Metadata-Version: 2.1
Name: tableschema-pandas
Version: 0.6.3
Summary: Generate Pandas data frames, load and extract data, based on JSON Table Schema descriptors.
Home-page: https://github.com/frictionlessdata/tableschema-pandas-py
Author: Open Knowledge Foundation
Author-email: info@okfn.org
License: LGPLv3+
Description: # tableschema-pandas-py
        
        [![Travis](https://img.shields.io/travis/frictionlessdata/tableschema-pandas-py/master.svg)](https://travis-ci.org/frictionlessdata/tableschema-pandas-py)

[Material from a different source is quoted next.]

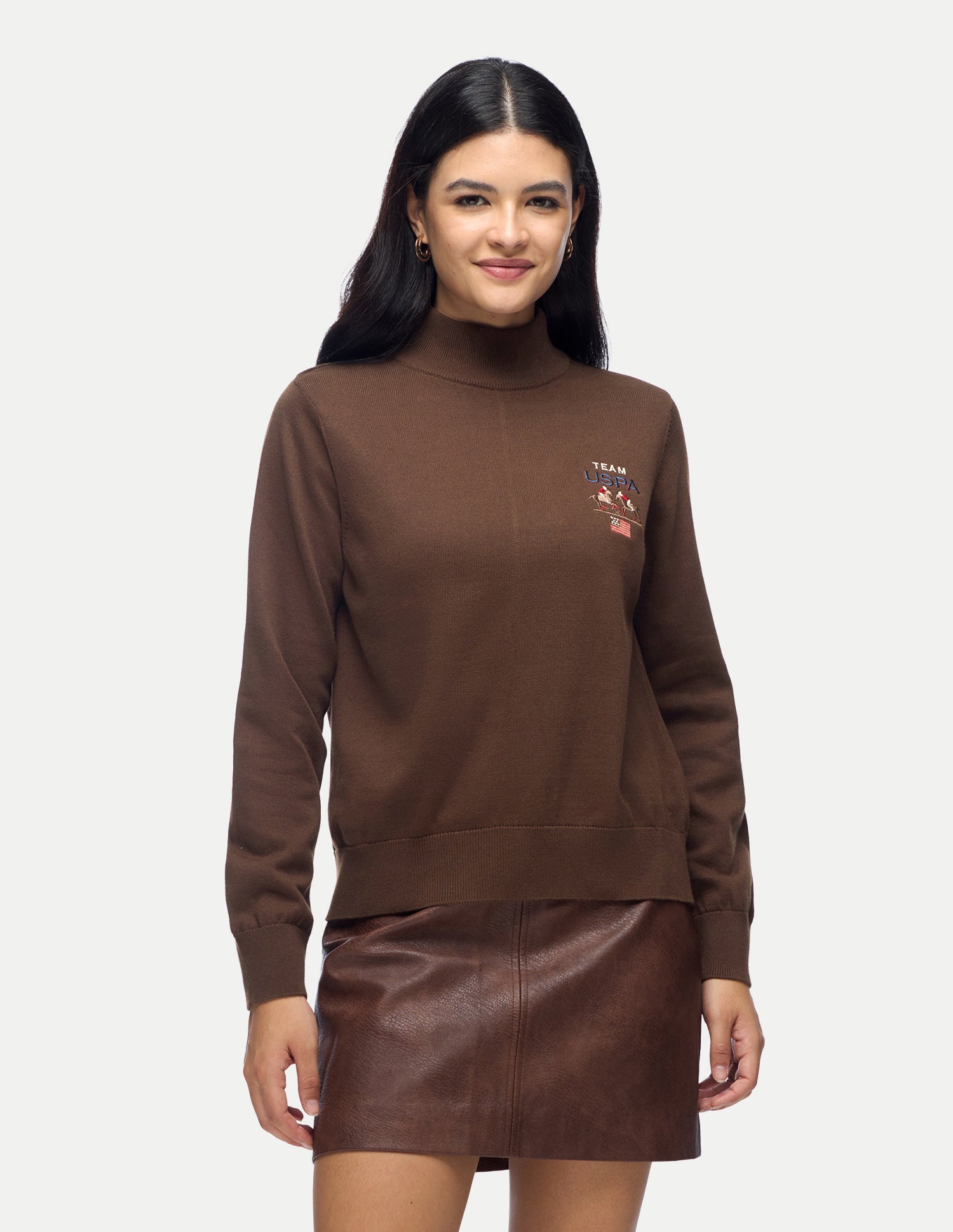 Solid Regular Fit Sweater Brown - U.S. Polo Assn. India | Large
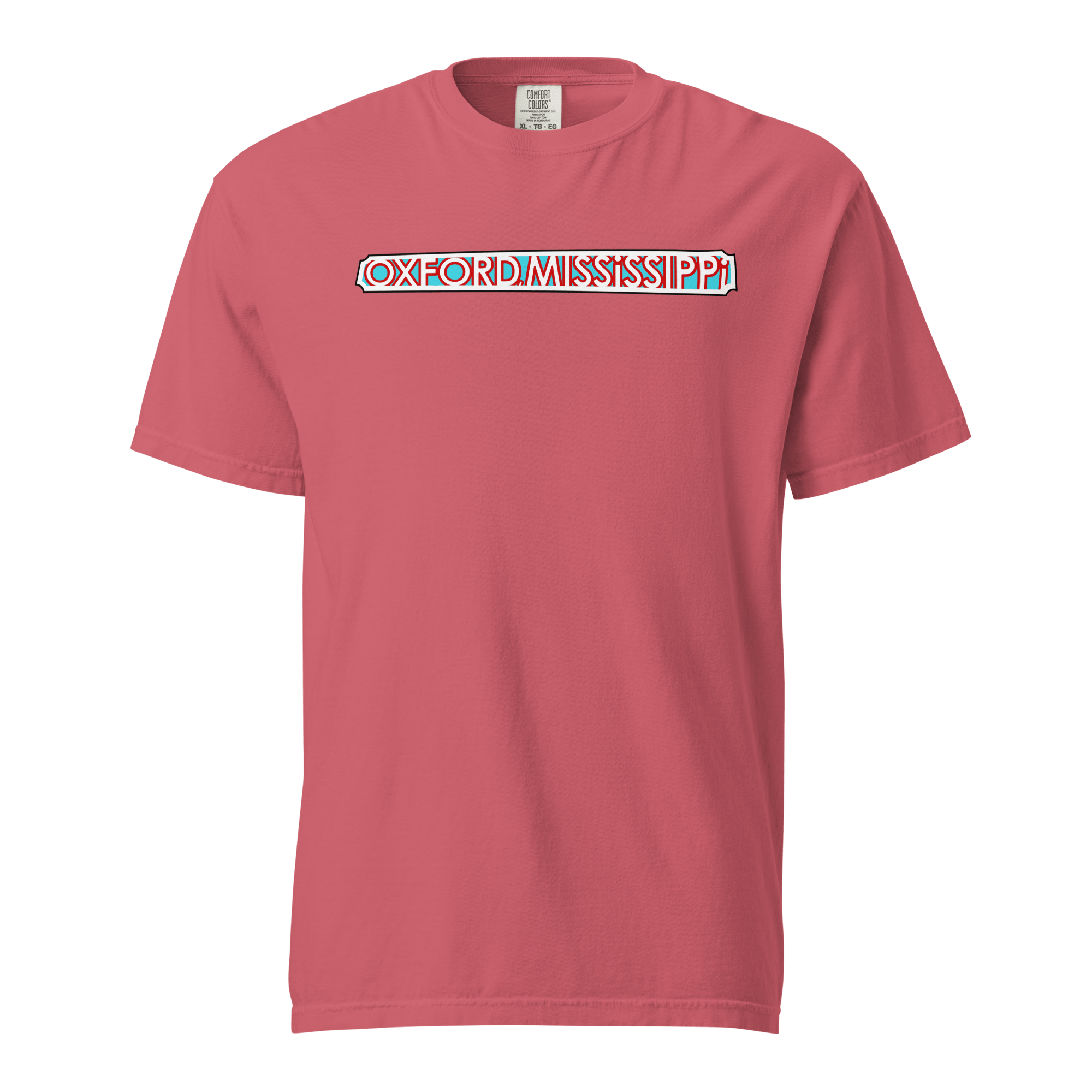 Oxford The Velvet Ditch Collage Art by Mississippi Artist ©LeslieGonce Comfort Colors Short Sleeve Tees (MISSISSIPPI)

        [![Coveralls](http://img.shields.io/coveralls/frictionlessdata/tableschema-pandas-py.svg?branch=master)](https://coveralls.io/r/frictionlessdata/tableschema-pandas-py?branch=master)
        [![PyPi](https://img.shields.io/pypi/v/tableschema-pandas.svg)](https://pypi.python.org/pypi/tableschema-pandas)
        [![Gitter](https://img.shields.io/gitter/room/frictionlessdata/chat.svg)](https://gitter.im/frictionlessdata/chat)
        
        Generate and load Pandas data frames [Table Schema](http://specs.frictionlessdata.io/table-schema/) descriptors.
        
        ## Features
        
        - implements `tableschema.Storage` interface
        
        ## Contents
        
        <!--TOC-->
        
          - [Getting Started](#getting-started)
            - [Installation](#installation)
            - [Example](#example)
          - [Documentation](#documentation)
            - [Storage](#storage)
          - [Contributing](#contributing)
          - [Changelog](#changelog)
        
        <!--TOC-->
        
        ## Getting Started
        
        ### Installation
        
        The package use semantic versioning. It means that major versions  could include breaking changes. It's highly recommended to specify `package` version range in your `setup/requirements` file e.g. `package>=1.0,<2.0`.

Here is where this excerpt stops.